Ah Charlie, go ahead and cry, there is nothing wrong with tears..They clean the soul...Then just hold your daughter and your son and let the world go by...Just be happy there is nothing wrong that cannot be fixed or healed. Kids rebound so fast..They get hurt and bawl like crazy,scaring you to death and before you can recover they are up and playing again...Give them both a hug and kiss and they will be fine..Relax daddy, you and mom are all they need right now.
kadesma


----------



## Cordel (Dec 22, 2007)

Charlie, be sure to let your son get it all out.  He must be feeling terrible, blaming himself far more than you ever could.  Good thought going out to your whole family.  Luckily, at four, kids heal well, better than ever, these days.


----------



## pdswife (Dec 22, 2007)

It sounds like you have a very brave daughter.
Give both kids extra hugs tonight.

smiles, T


----------



## Katie H (Dec 22, 2007)

Oh, Charlie, you've had some adventures the last several days.    Children are resilient and bounce back better than we can imagine.  Just hug your children and live through the healing process.  Buck and I have "been there; done that."  With 5 children, the adventures are rich and plentiful.


----------



## middie (Dec 22, 2007)

Aw that poor girl Charlie. In time she will be fine. Broken bones mend. Believe me I know.
Keep your chin up. She's a strong little girl that's for sure.


----------



## CharlieD (Dec 22, 2007)

I know, thank you guys. I guess I've been very lucky and very spoiled. Non of my 5 kids ever had broken bones. I hope it stays that way, I hope they will always be healthy. Thank you.


----------



## Alix (Dec 22, 2007)

Charlie, I'm so sorry she got hurt. That is awful. How about telling your son he is responsible for making sure your daughter gets whatever she needs? That would serve the dual purpose of giving him a consequence and helping out your daughter. Not to mention it will help get rid of any guilt he feels over the whole thing.


----------



## Cordel (Dec 22, 2007)

Wise words, Alix.


----------



## TATTRAT (Dec 23, 2007)

hugs, Charlie...and what Alix said.


----------



## Bilby (Dec 23, 2007)

Wise words Alix!  Charlie, I hope your daughter heals quickly and goes home to your family soon.


----------



## expatgirl (Dec 23, 2007)

Man....... and before the holidays-----everyone's right--she'll be ok in no time and look at the extra attention she's getting---I also agree with Alix in letting your son "be the man" and take care of her little errand needs and play games with her.....with 5 kids and this is the first broken bone in your family you're sitting on a pretty cloud!! Hang in there, Papa!


----------



## jpmcgrew (Dec 23, 2007)

Charlie,your little girl is mending by the minute.Be grateful she is home in time for Christmas OPPS I mean Channuka and that is wasn't something worse.


----------



## texasgirl (Dec 23, 2007)

Aww, poor thing. I'm glad that she has such a loving daddy to be there for her.


----------



## David Cottrell (Dec 23, 2007)

Charlie, I know it makes you sick at your stomach. First with my son when he was about five - wrist - fell just as we were leaving for daughter's wedding. He didn't seem to be too hurt but we wound up leaving the reception and having the bones set. It hurt but today at 21 he doesn't even really remember.

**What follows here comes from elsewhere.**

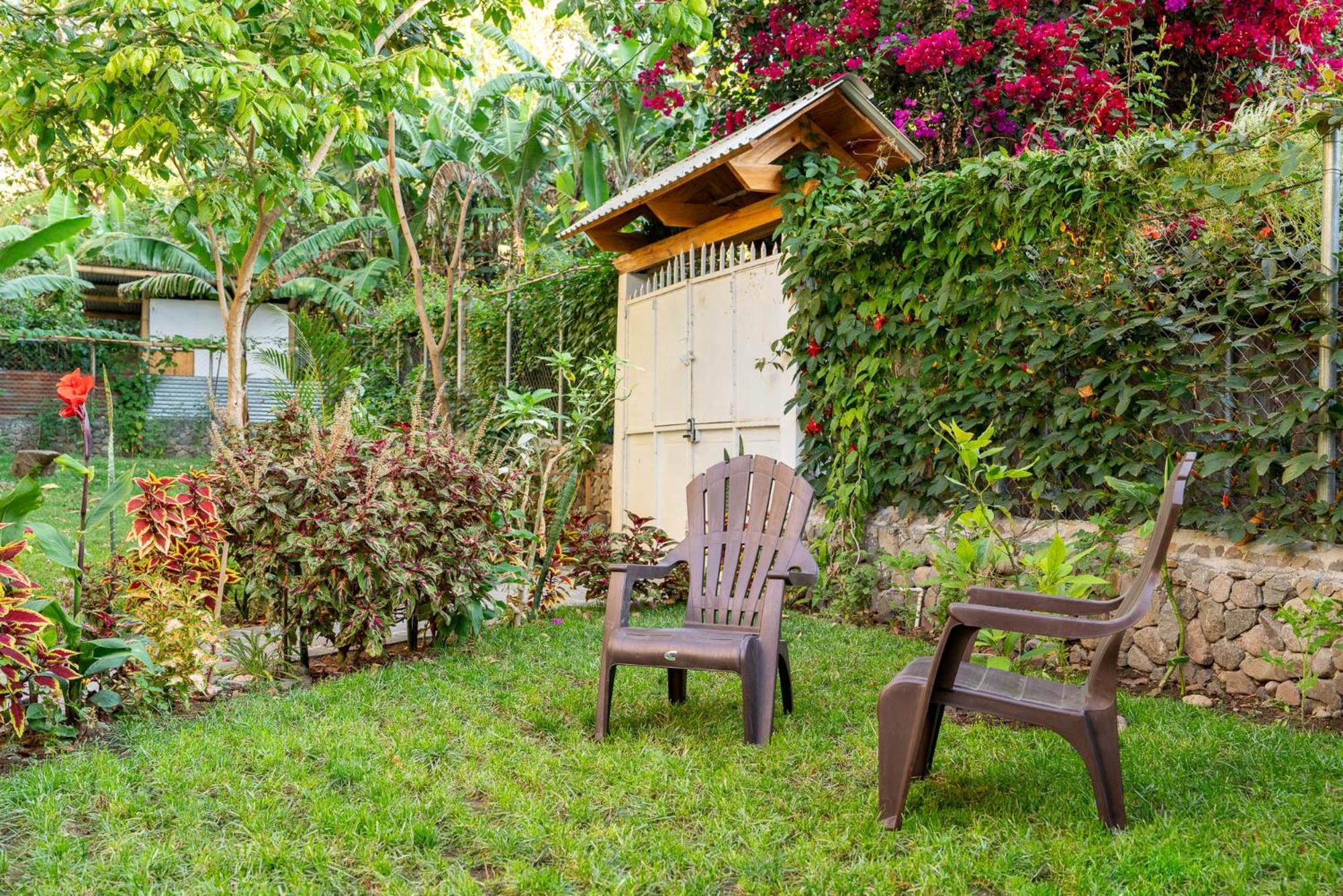 Sarnai Atitlan Apartment San Marcos La Laguna Ngoại thất bức ảnh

Granddaughter last year at six was a different story - constantly climbing, off the back off the back of he sofa onto carpet. Arm again. She doesn't climb so much anymore. 

Your daughter will be ok my friend, just pain both you and her for a few days. And no, God's help doesn't hurt!


----------



## corazon (Dec 23, 2007)

Glad that she is (more or less) alright.  Alix is a super mom, I think her advice was good.  Having your son take care of her will teach him more than just not climbing on the table.  Good luck, let us know how this turns out.


----------



## CharlieD (Dec 23, 2007)

well, she's home now. after putting on the cast she came home, hurt, but in a good spirit. She is a sleep now and we'll have to be carefull and watch all kind of little things. I'm sure she'll be fine much sooner than I will. I am yet to face the grandmothers, we are in big trouble with them, oh my...


----------



## ella/TO (Dec 23, 2007)

Charlie my  heart goes out to you and your family. Poor sweet little girl....but remember, she's young and thank goodness will heal quickly. Give your son an extra hug from me...poor guy....not good to walk around with guilt.


----------



## Constance (Dec 23, 2007)

Bless your hearts...I know it gives you pain to see your child hurt, but as everyone has said, she'll be well before you know it.


----------



## *amy* (Dec 23, 2007)

So sorry to hear about your little one's accident, Charlie. Good to know she's back home & on the mend. Nothing wrong with being sentimental. Hope this (new baby) Panda Cam will make you all smile & lift your spirits. (Watch during daylight hours to view.)

San Diego Zoo Exhibit: Panda Cam at the Giant Panda Research Station

Here is a Time Lapse video.

Panda Cam at SanDiegoZoo.org


----------



## auntdot (Dec 24, 2007)

God bless your daughter, your son, and your family Charlie.

Worked for a number of years at a major children's hospital - people came from all over the world with their children.  Lots of sick kids - very sick.

All you saw and dealt with was very ill children. No hair and all on IVs.  But they did not gripe.

People my age moan all the time, the kids just did not.

They were amazing and taught me so much.  

Recently fell and broke my sit down bone and it hurts - but I ain't gonna make an issue of it. There are so many kids who are a heck of a lot braver than I am.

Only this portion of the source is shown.